By watching his highlight reel one could see that his footwork and route running ability is one of his strengths on the field. “I’m not one of those super fast guys, so when you don’t have that 4.3 speed you have to have different parts of your game to separate you amongst the best,” Weitzel said. “That’s something I take pride in, hard work, work ethic, footwork, and running crispy routes, that’s what really takes my game to the next level.”
Weitzel approaches the game with a business-like attitude. He said he really started to develop this mindset two years ago when he stopped hanging around certain people that were outside his football life. “They say sophomore to your junior year is one of the biggest transitions in becoming a man,” Weitzel said. “One of the biggest things that helped me was changing my friends, the people I was hanging around with,” he added.
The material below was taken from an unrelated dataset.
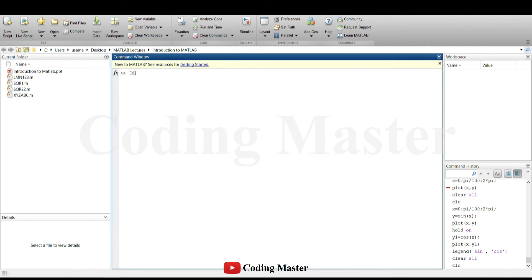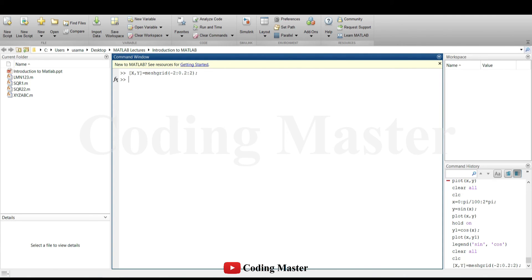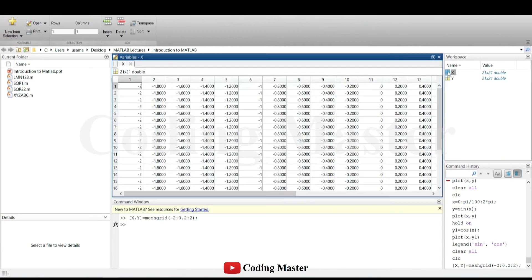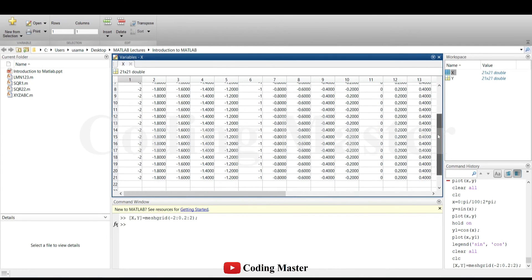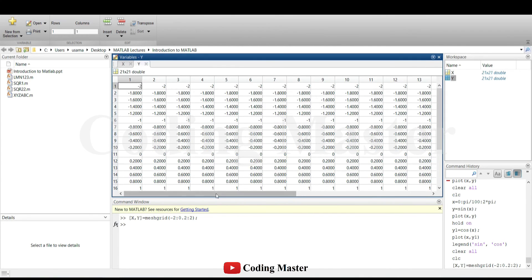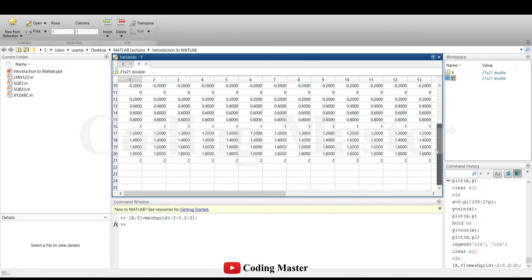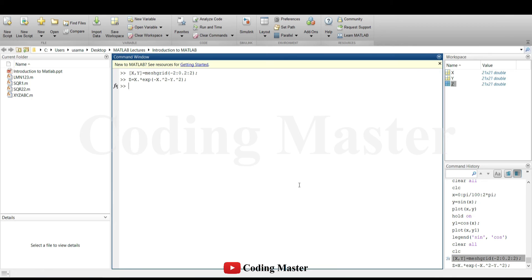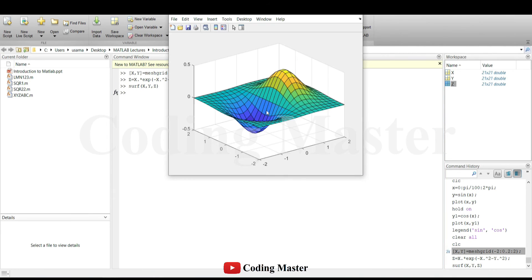3D plotting is also very simple in MATLAB. All we need is a set of three variables which are going to be plotted in three dimensions. For this, MeshGrid command is used to create a two-dimensional grid coordinates based on coordinates contained in input vectors. The third variable is generated as an exponential function of x and y. Then the surf command is used to plot in three dimensions.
“I needed to hang around people that had the same goal as me,” Weitzel said.
The decision to go to Mt. SAC was a calculated one. Weitzel said he looked up every JUCO in the country to figure out which school would be the best fit for him. “When I came across Mt. SAC it just looked like a great place to get better,” he said.
After he visited the campus he realized it was where he wanted to start his career. Weitzel said the coaches he spoke with were tremendous, and that’s what really sold it for him. Former players he spoke with also said good things about the school. “I think it was really the research for me that made me feel really good about my decision,” said Weitzel.
Weitzel’s father attended Cuesta college in San Luis Obispo, which he said influenced his decision to attend school in California. “I did want to be far away from home. I’ve lived in the same place my whole life so I wanted to travel,” said Weitzel. “I wanted to get out of Ohio.”
“I’m thankful for the opportunity I’ve been given, not a lot of people get this opportunity,” he added.
Weitzel enjoys watching professional sports and his favorite NFL team is the Baltimore Ravens. His favorite NFL player is retired wide-receiver Lance Moore. Moore is his favorite receiver because his step-dad’s brother was friends with him and because of Moore’s attention to detail when it came to route running. Weitzel also said he and his family used to have Cleveland Cavaliers season tickets when LeBron James played for them.
On game days Weitzel said he likes to listen to Shottababy, Moneybagg Yo, or Da Baby; because their vibes make him want to punch something. Look for him to make some noise once the football season begins in January.